_SUPPLIED MATERIAL_:
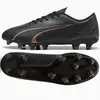 Image de Puma, Hommes, Chaussures de football, Ultra Play Fg/Ag (42.5), Noir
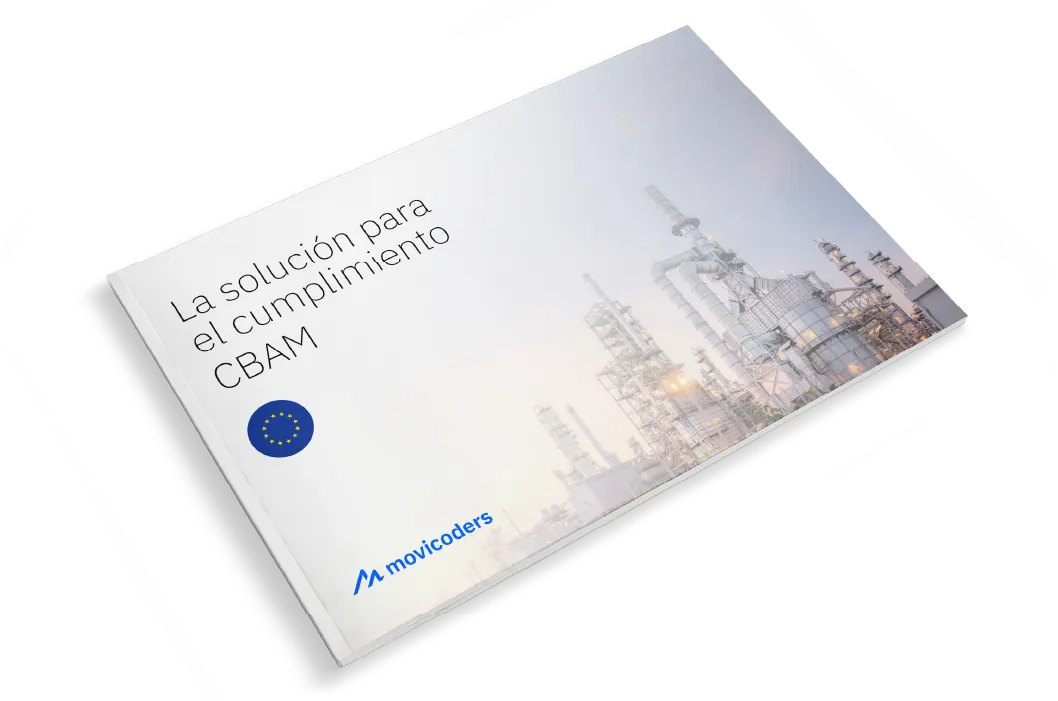 manual movicoders cbam compliance
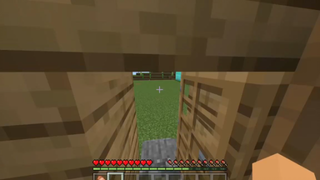 Mình Đã Nâng Cấp Bãy Chặn Đại Dịch ZomBie _ Mạnh Hơn Bảo Vệ Dân Làng P2 _ TRONG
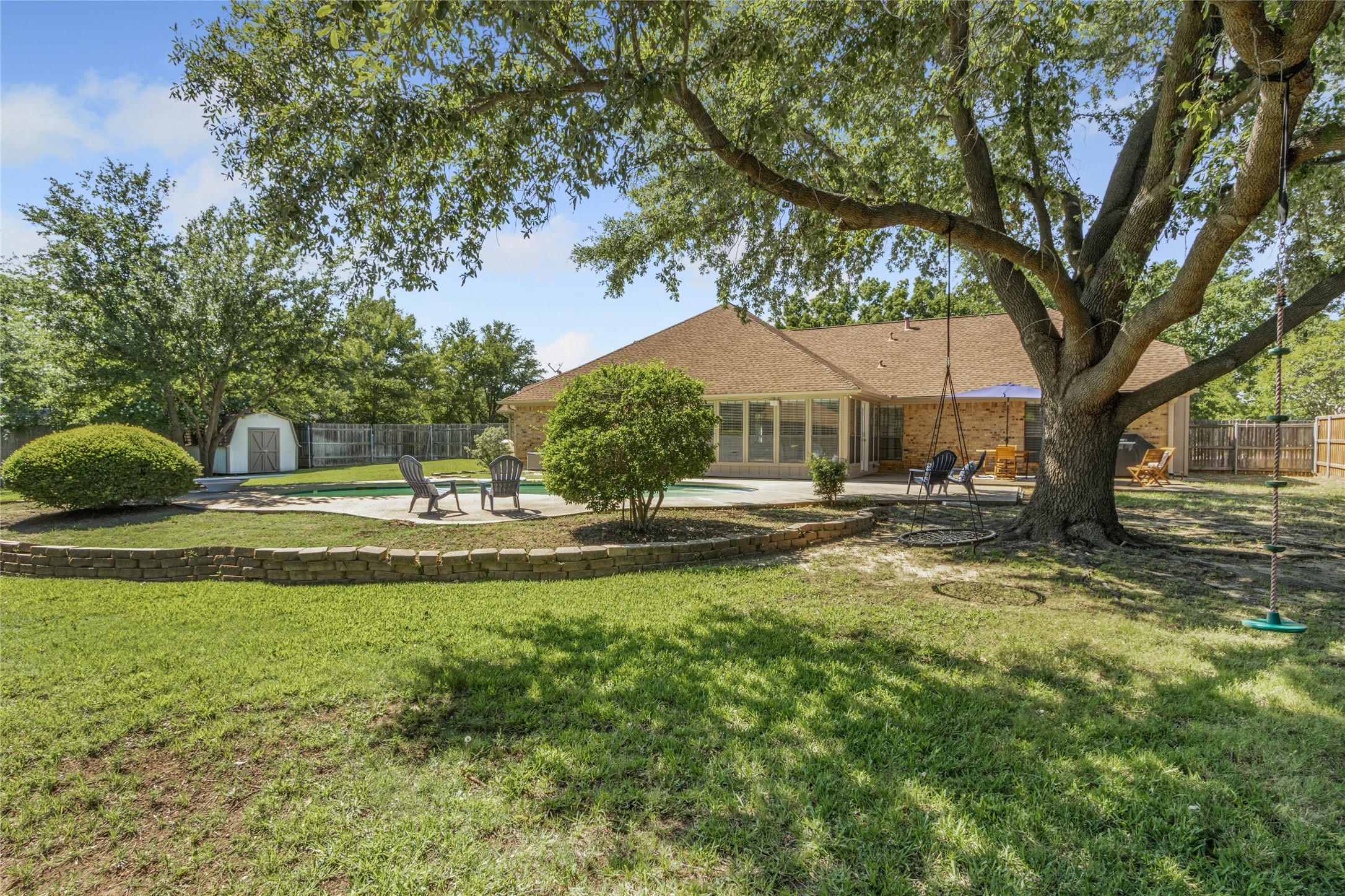 336 Pebble Knoll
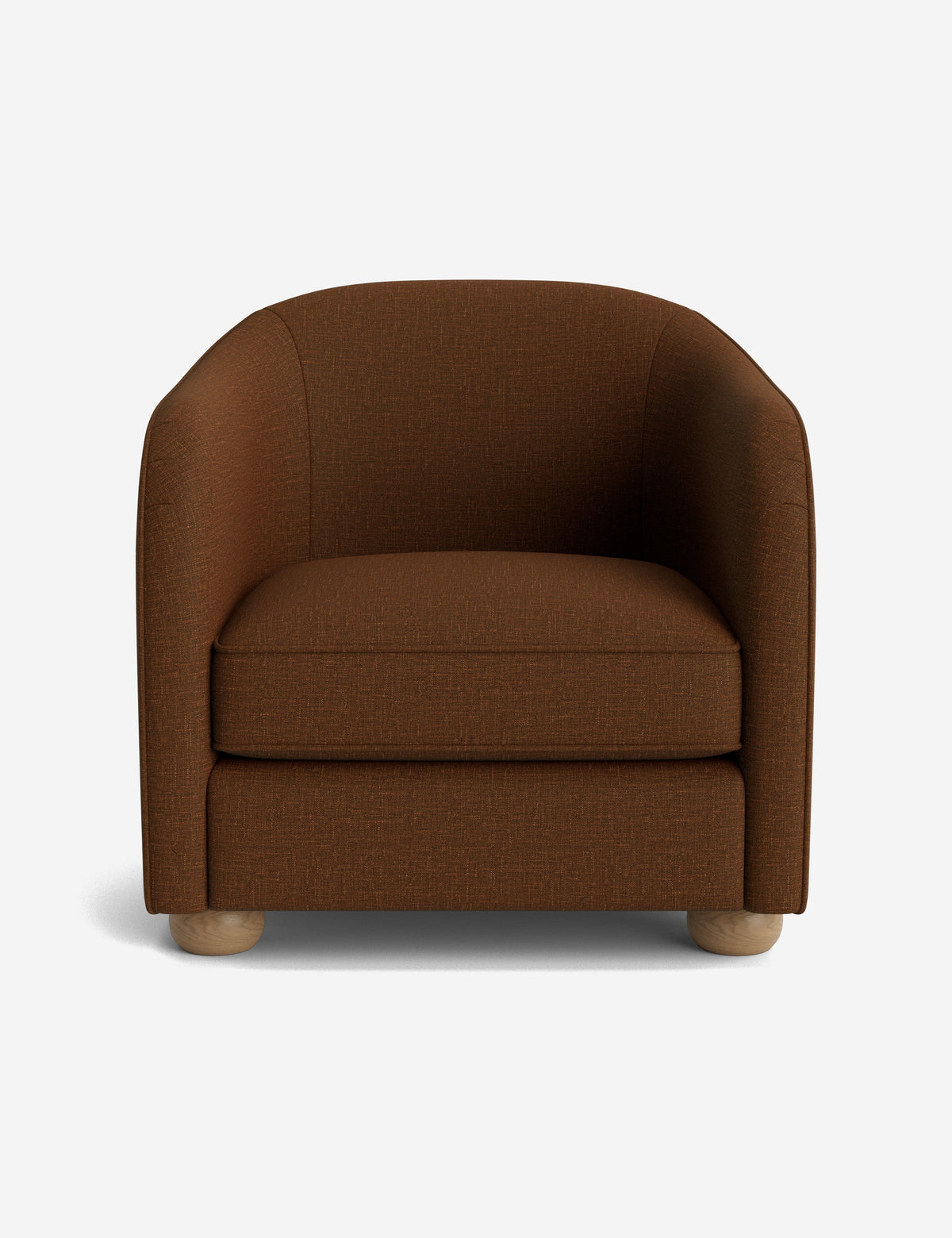 Faro Accent Chair by DISC Interiors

_EXERCISE DESCRIPTION_:
Copy each line above exactly, with no images.

_FINISHED EXERCISE_:
 Image de Puma, Hommes, Chaussures de football, Ultra Play Fg/Ag (42.5), Noir
 manual movicoders cbam compliance
 Mình Đã Nâng Cấp Bãy Chặn Đại Dịch ZomBie _ Mạnh Hơn Bảo Vệ Dân Làng P2 _ TRONG
 336 Pebble Knoll
 Faro Accent Chair by DISC Interiors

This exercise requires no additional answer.